TSMC claims its 3nm process gives 70% increment of density (vs. 5nm).
 
Now they are on a proprietary processor with no true compatibility with Intel and you think making a pro machine makes any sense when software developers are most likely going to start backing out supporting mac's again (just like the 90's)? They ripped out every standard for graphics and are pushing their own iOS centric metal platform. They provide no Nvidia compatibility for expanding GPU. It's a clear done deal on the pro market. They will ride the Final Cut Pro and Logic wave till the company eventually can't compete anymore. People will realize what a huge waste of money it is to buy their machines with the limited software and hardware support.
The devices running the most restricted OS and almost zero expansion beat all the other brands combined in terms of profit.

According to a survey, Mac is the only one with market growth in computer field. You just can't fall in love with the MacBook, Mini and Studio due to its performance and energy efficiency.

Software vendors see the turn around created by the M and will jump on the wagon.
 
So many it's hard to enumerate them here. In the case of NVIDIA cards, a striking example is CUDA support. Apple cannot currently offer any alternative if you need CUDA acceleration.
Nope they can’t. And they don’t want to nor need to. Apple makes Apple stuff. Nvidia makes Nvidia stuff. Different companies, different products, for different needs. Each delivers on their targets extremely well. This obsession people have with Apple needing to make products that perform Nvidia tasks totally misses the point.

If people want to do Nvidia stuff then buy Nvidia stuff and put the Nvidia stuff into machines that take Nvidia stuff. Problem solved. None of that takes away from how good Apple stuff is at doing what Apple stuff is for.
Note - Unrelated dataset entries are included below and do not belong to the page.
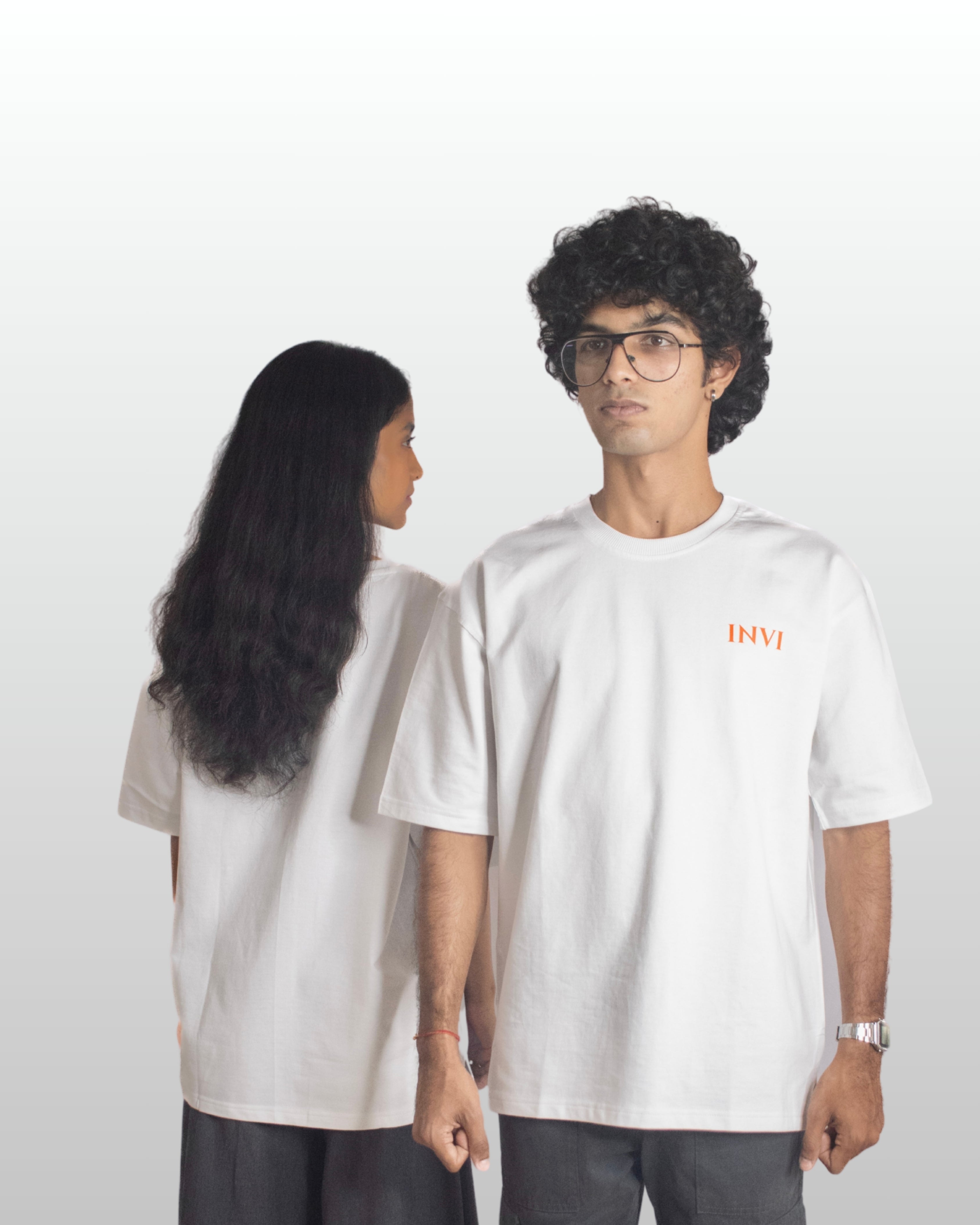 CORE WHITE TEE
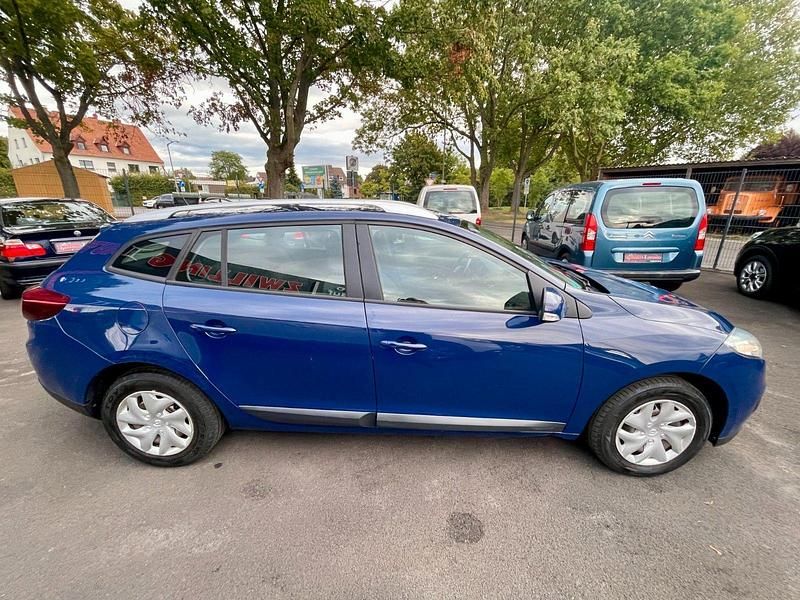 Gebraucht Renault Mégane GrandTour Initiale Paris 101 PS (74 kW) 2014 Kombi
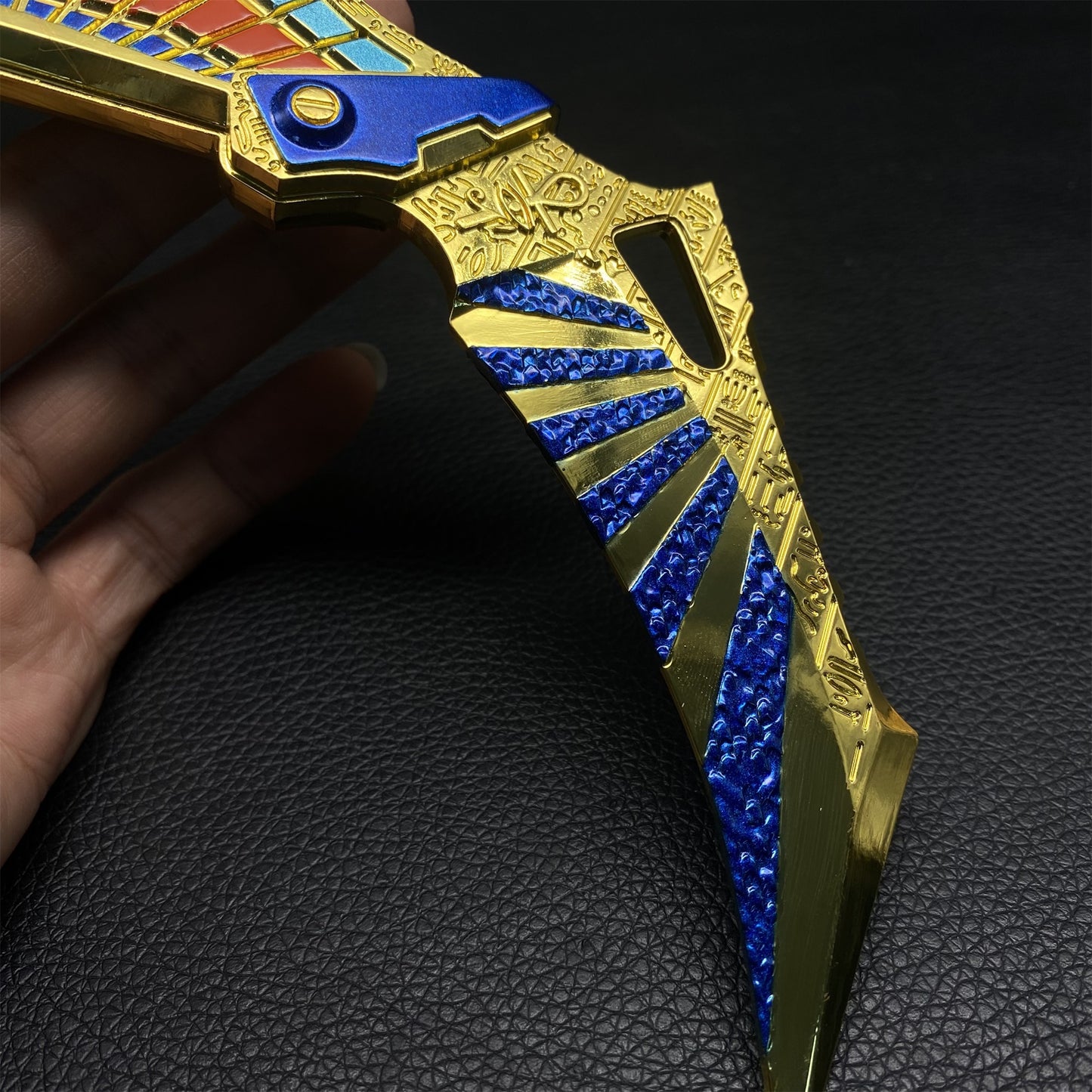 Hot Game Claws Of Vast Sky Metal Mini Replica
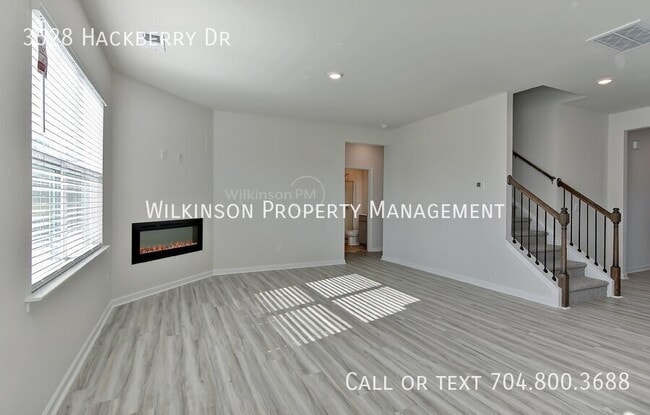 Building Photo - 3528 Hackberry Dr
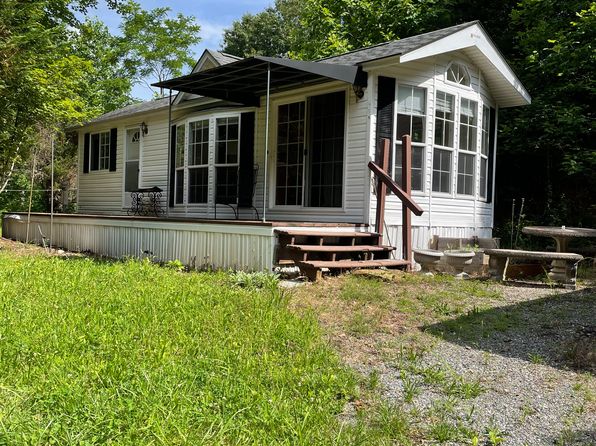 221 Hermit Dr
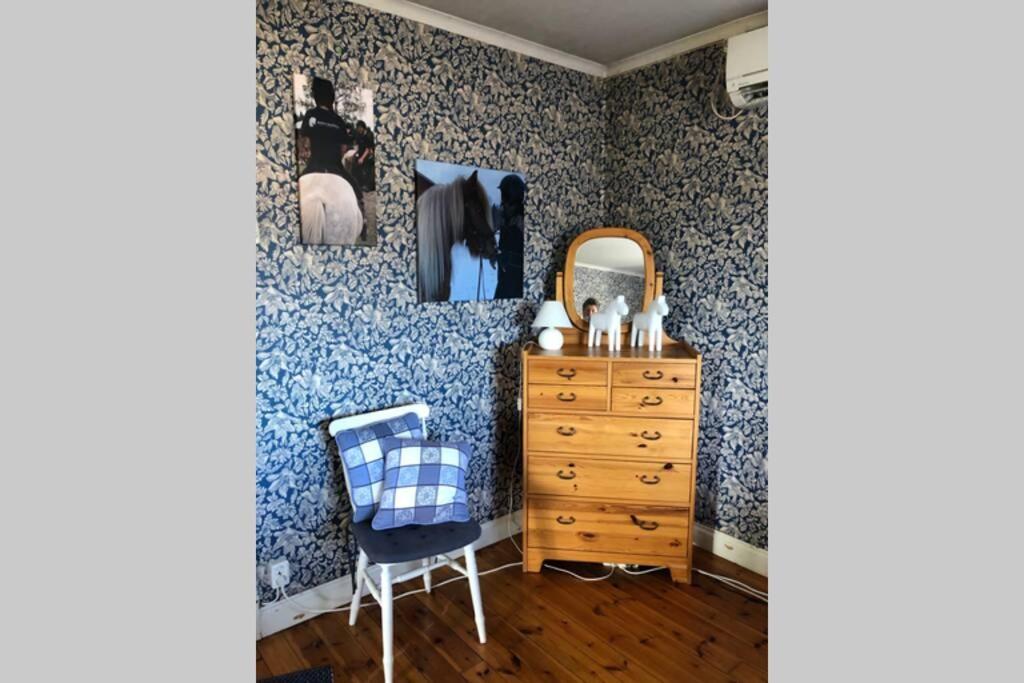 Egen Villa Pa Islandshastgard Riddarhyttan Bagian luar foto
If you need a toaster don’t buy a fridge and complain it doesn’t toast. 😉
 
All of my statements are accurate, I use apple products daily. Heck, I am a multi decade stock owner with many thousands of shares. Yet, I call apple for what it is. I see the computer industry and what is happening, and apple is on a path that looks to be very wrong with people that make decisions for purchasing professionals equipment for business. The move to intel was a huge leap that afforded them a second look by many businesses. They were adopting open standards making developers give them a second look. They have effectively undone all of this advantage. Everything is back to proprietary and exclusively standards for development. The home market is limited and when people start finding programs that run on windows exclusively because developers will not port their apps or redevelop software to apple's graphic frameworks, that's a HUGE problem. They can only ride out the fruit ninja style games and tap based photo touch-up apps for so long. Adobe apps are getting worse on apple platforms and it is turning to 1995 adobe is better on PC all over again. I hold no bias. I am worried they are really botching things up with all these drastic changes and unproven proprietary architectures. It is a company losing touch with the computing community and professionals that have been using their product for over 3 decades, like myself. They should have kept standard pc ideology in their pro line of products. perhaps they will surprise us with the Mac Pro. but so far.. it is all grossly overpriced, look cool at Starbucks, nonsense. It's a bicycle for your mind, not an accessory. They serve a generation of iPhone/tiktok users now, not professionals. The last Mac Pro was so promising, but the cost greed just made it embarrassing.
Umm…. No. All your statements are unsubstantiated opinions in multiple long winded rants. I can’t think of any message you’ve written that had any facts supporting it. The above is no exception.

You’re entitled to your opinions. But for the most part you’re just plain wrong, or you just don’t get it (Apple).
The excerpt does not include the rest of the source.